The problem is it seems reasonable enough...it's certainly more reasonable than downvoting someone because you don't like them...
However, it's is absolutely not an appropriate use of downvoting and is harmful to discussion quality.
To begin with, someone being "objectively wrong" is MUCH more rare than you probably think. Purely in terms of mathematical probability, I can pretty much guarantee there was a time you thought someone was wrong on the Internet when in fact you were the one who was wrong. There are many times when LOTS of people thought Joe Shmoe was wrong, but Joe Shmoe was in fact correct and everyone else is wrong.
Many times even though what the person is SAYING is wrong, but there is a mis-communication somewhere. You may be reading it the wrong way, or they may not be expressing themselves clearly.
This brings up the main problem with what you are talking about: it shuts down the conversation....and that is incredibly bad for a community that is supposed to be build on discussion.
Let's say someone's wrong. You downvote them. You've accomplished effectively nothing. Some people might not see this wrong information....but that's neither here nor there.
A MUCH better solution is to reply and explain to them how they are wrong. That way the discussion continues, and they are educated (whether or not they decided to take advantage of it).
More importantly, if one person thought this wrong thing....there are probably many others who also thought it but didn't post it.
If you reply with a correction, those people are also enlightened. This ties in with my earlier point...you may have prevented some people from seeing the wrong information, but there's no reason to believe that it balances with the people you could have educated by responding.
Keep in mind, none of this is even taking into account abuse of such a feature, which would occur.
All around it is by far better for the community to correct wrong information than to censor it....not to mention the latter is impossible to do effectively.
I don't know. Objective wrongness ranks low on my list of reasons to downvote, which is usually because a post is off-topic or intended only to insult the parent. Consequently, I rarely use the downvote option.
If I think someone is wrong, I usually respond with an explanation, or wait for someone else to do the same.
http://news.ycombinator.com/item?id=117171
writing, "I think it's ok to use the up and down arrows to express agreement. Obviously the uparrows aren't only for applauding politeness, so it seems reasonable that the downarrows aren't only for booing rudeness.
"It only becomes abuse when people resort to karma bombing: downvoting a lot of comments by one user without reading them in order to subtract maximum karma. Fortunately we now have several levels of software to protect against that."
There have, of course, been several years of a greatly expanded HN membership since then, but downvotes still serve a purpose, and users with sufficient karma are trusted to use them wisely. See
http://news.ycombinator.com/item?id=2403696
for announcement of a persistent problem only this year,
http://news.ycombinator.com/item?id=2434333
for an announcement of an experiment (which looks to have been successful)

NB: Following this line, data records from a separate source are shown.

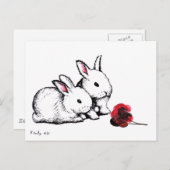 Carte Postale Deux petits lapins blancs (Devant / Derrière)
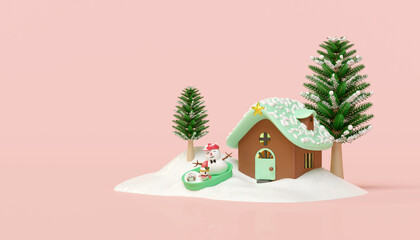 Fototapeta premium 3d snowman and cute monster friends in bucket with house, christmas tree isolated on pink background. merry christmas and happy new year, 3d render illustration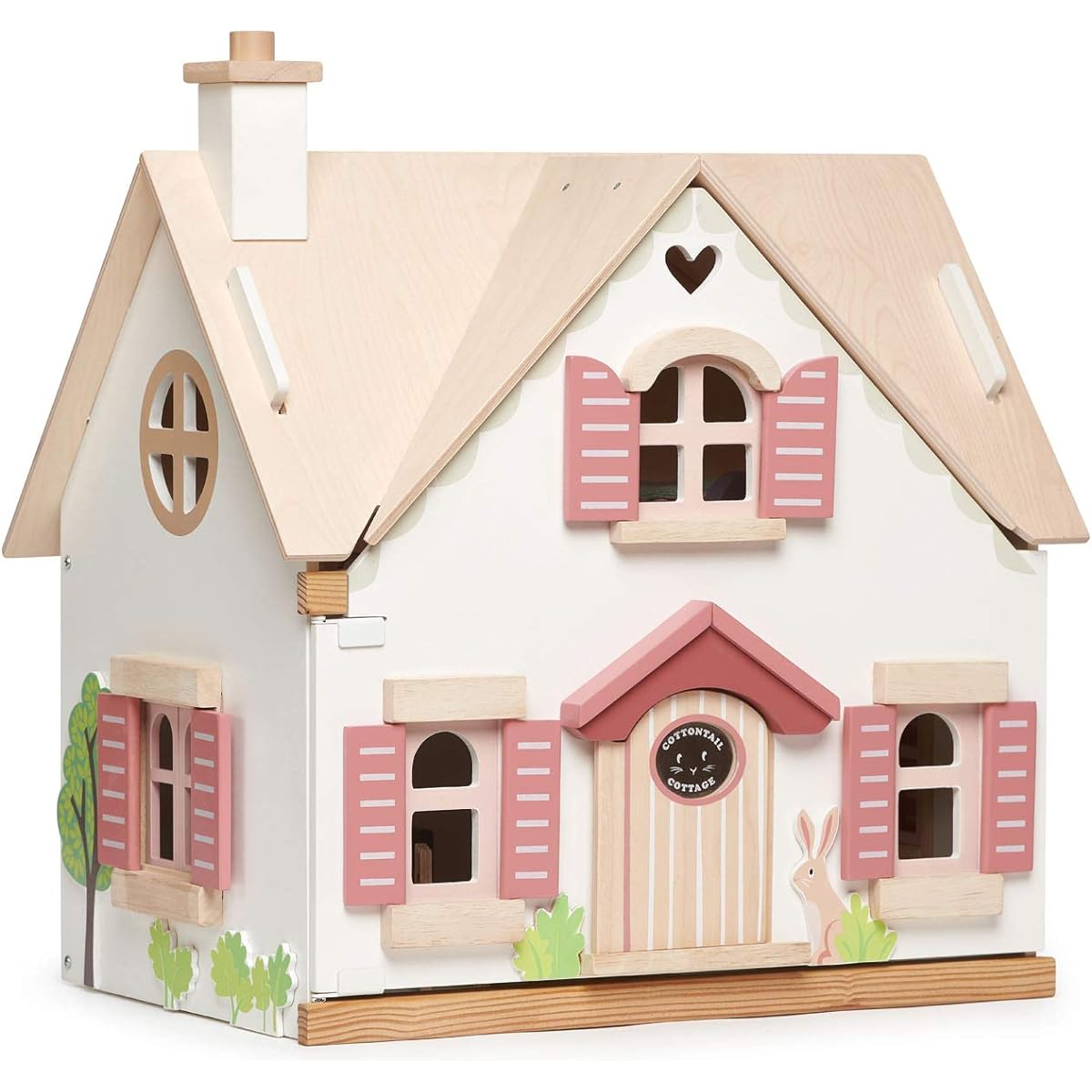 Tender Leaf Toys - Cottontail Cottage - Furnished 18.7" Tall 3-Story Country Wooden Dollhouse with 24 Accessories - Encourages Creative, Imaginative and Fun Play - Ages 3+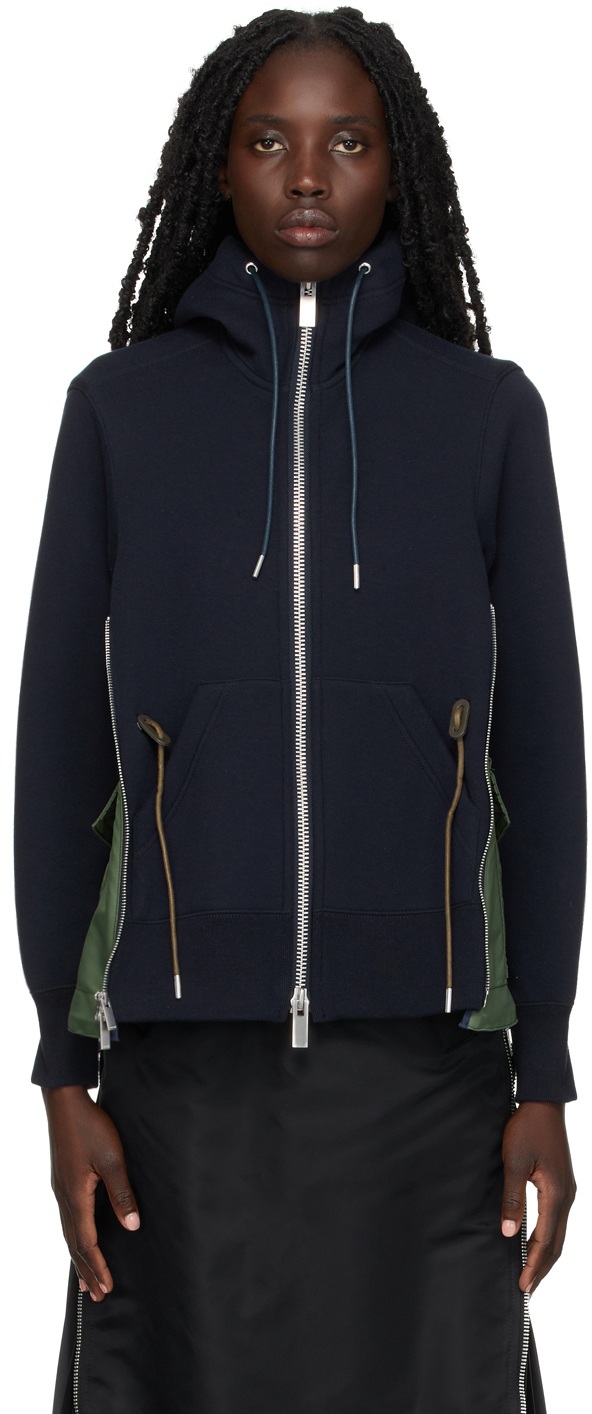 Sacai Navy & Khaki Sponge Sweat MA-1 Hoodie Sacai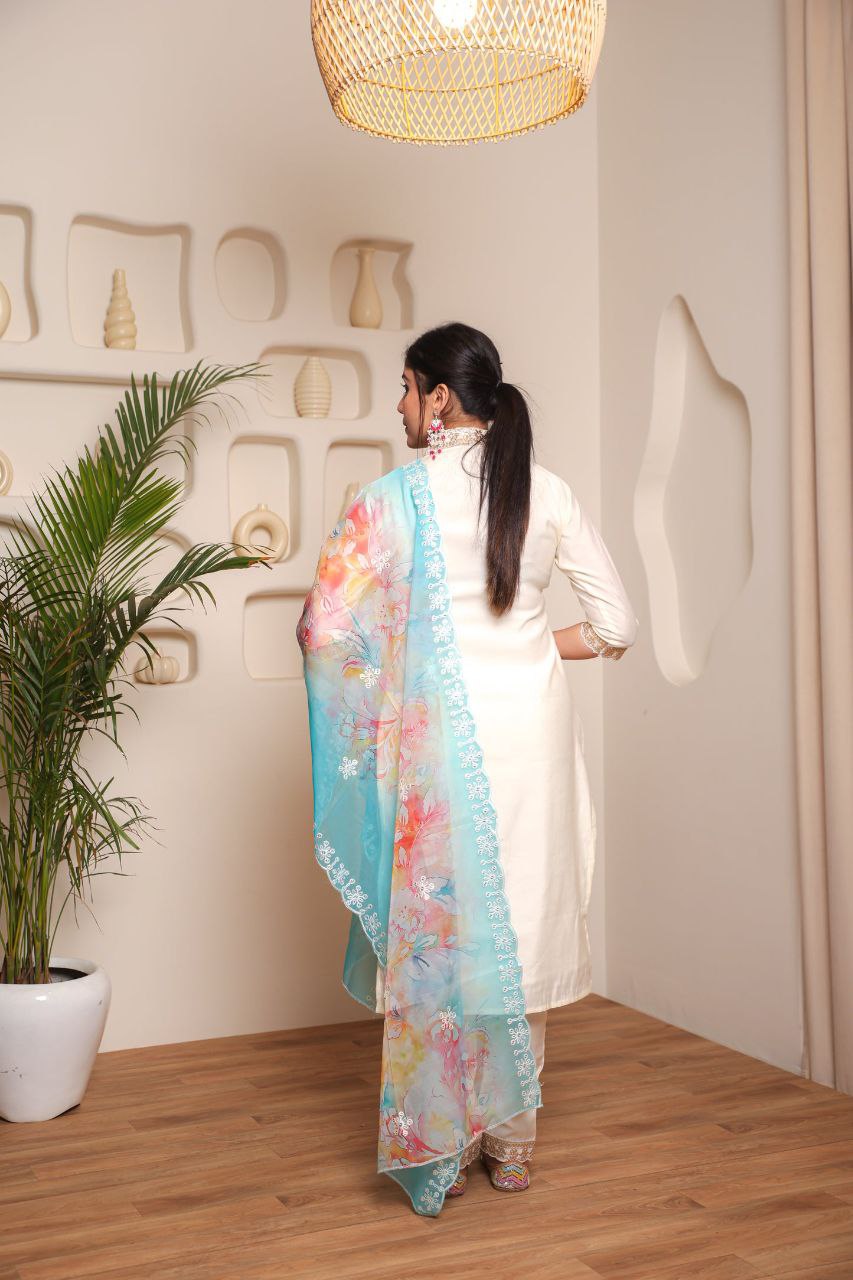 Festival Wear Chanderi Cotton Kurta Set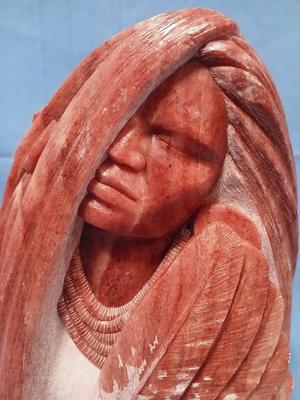 Sale Photo Thumbnail #257: Unsigned but I think the artist is Cheryl Joe. Base 6" x 5 1/2" height 11".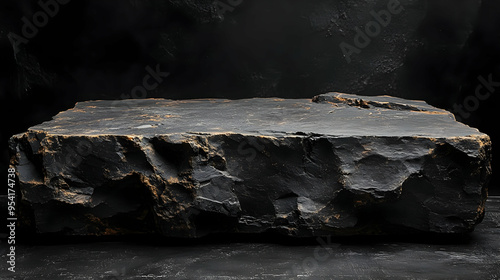 Black stone podium on black...
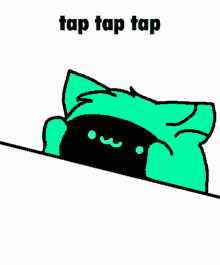 a cartoon of a cat with the words tap tap tap written on it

http://news.ycombinator.com/item?id=2595605
http://news.ycombinator.com/item?id=2595783
to fight the problem of comments "that are (a) mean and/or (b) dumb that (c) get massively upvoted." Downvotes are a way to fight such a problem too.
It's a pain on the iPad when the buttons are so small, I feel nervous unless I pinch-zoom the button to be really large... I have inadvertently downvoted when I meant to upvote on numerous occasions.
Consequently, I simply don't rate while reading HN in bed.
It would be nice to have an opt-out just like hiding dead.
I'd really like to see downvotes removed altogether, while assigning extra weight to upvotes proportional to the voter's karma.
if you make power users too powerful you end up with digg.
But when the opportunity presents itself, you will KNOW that it's time to use it.
var a=document.getElementsByTagName('a');
for(var i in a){
if(a[i].href &&
a[i].href.match(/^http:\/\/news\.ycombinator\.com\/vote\?for=\d+&dir=down/))
a[i].style.display='none'
}Just tell yourself to be very stingy with downvotes. Then only the most egregious posts will call attention to themselves.
Be stingy.
After that you can (maybe) pose a filter on something that has >10 downvotes. 1-3 downvotes should not affect a post(er)'s credibility.
Sometimes I find it hard not to down vote on objective things. Especially when the poster has completely missed the point and is getting carried away - potentially they trolling, but not doing it very well! :-)
It was annoying, and it pissed me off a little at the time, but in retrospect I deserved it.